### EXERCISE GOAL:
All the lines below need to be output exactly, apart from any images.

### DATA:
──────
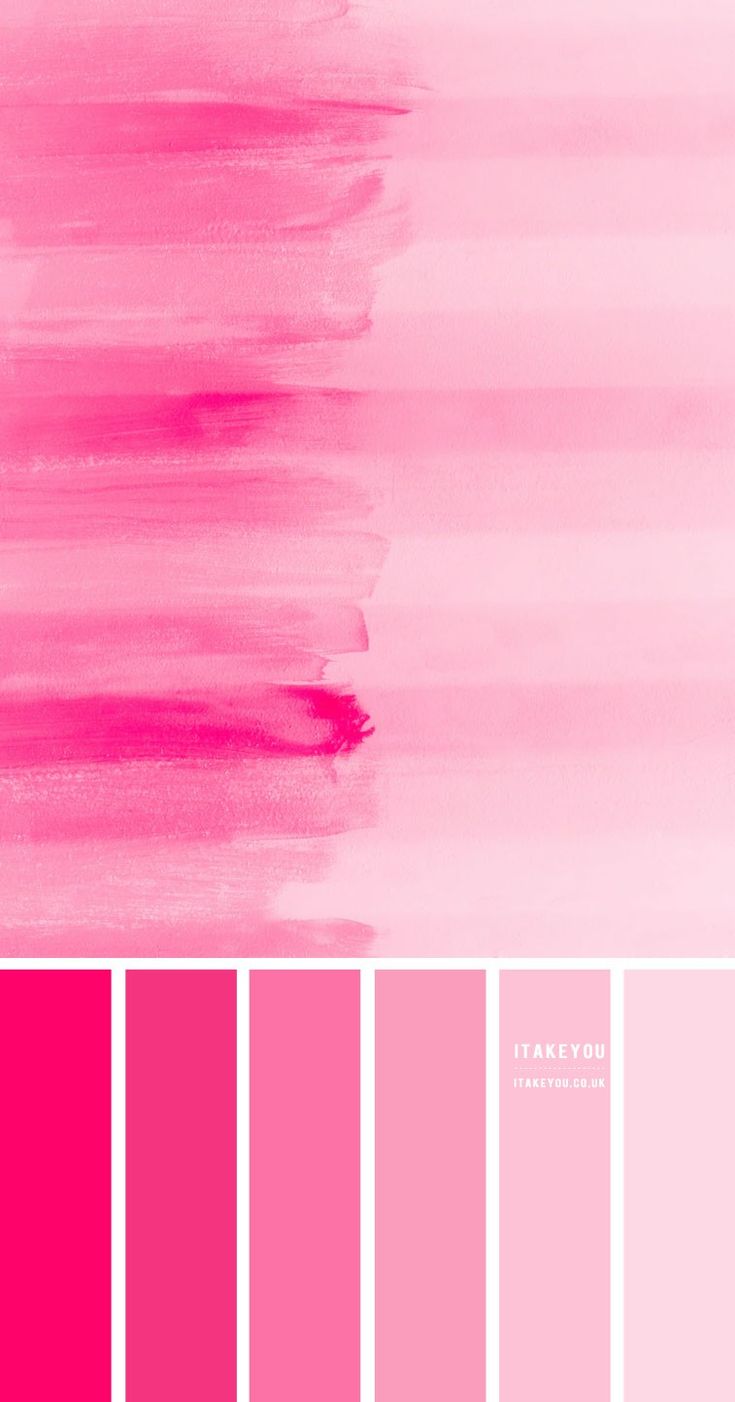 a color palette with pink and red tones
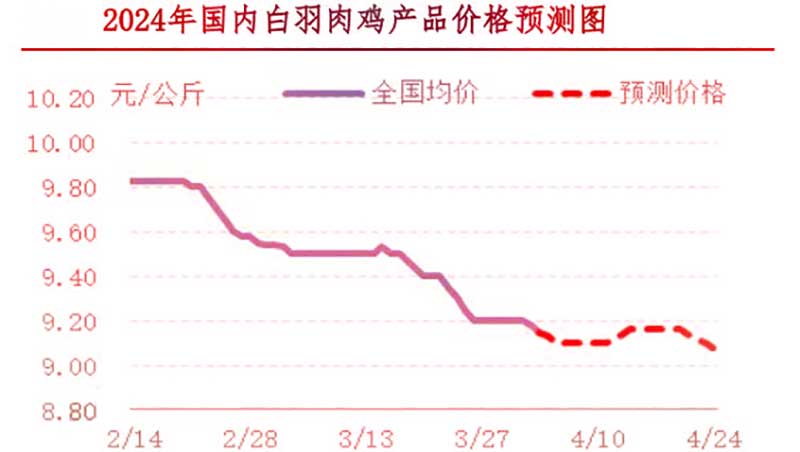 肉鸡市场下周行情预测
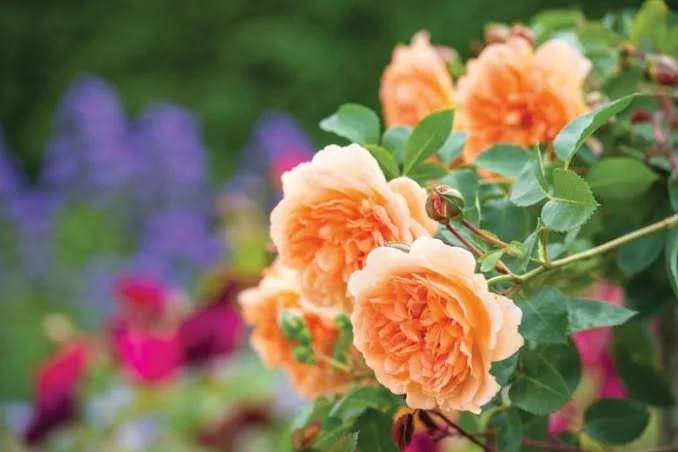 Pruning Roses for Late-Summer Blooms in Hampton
──────
### YOUR SOLUTION:
 a color palette with pink and red tones
 肉鸡市场下周行情预测
 Pruning Roses for Late-Summer Blooms in Hampton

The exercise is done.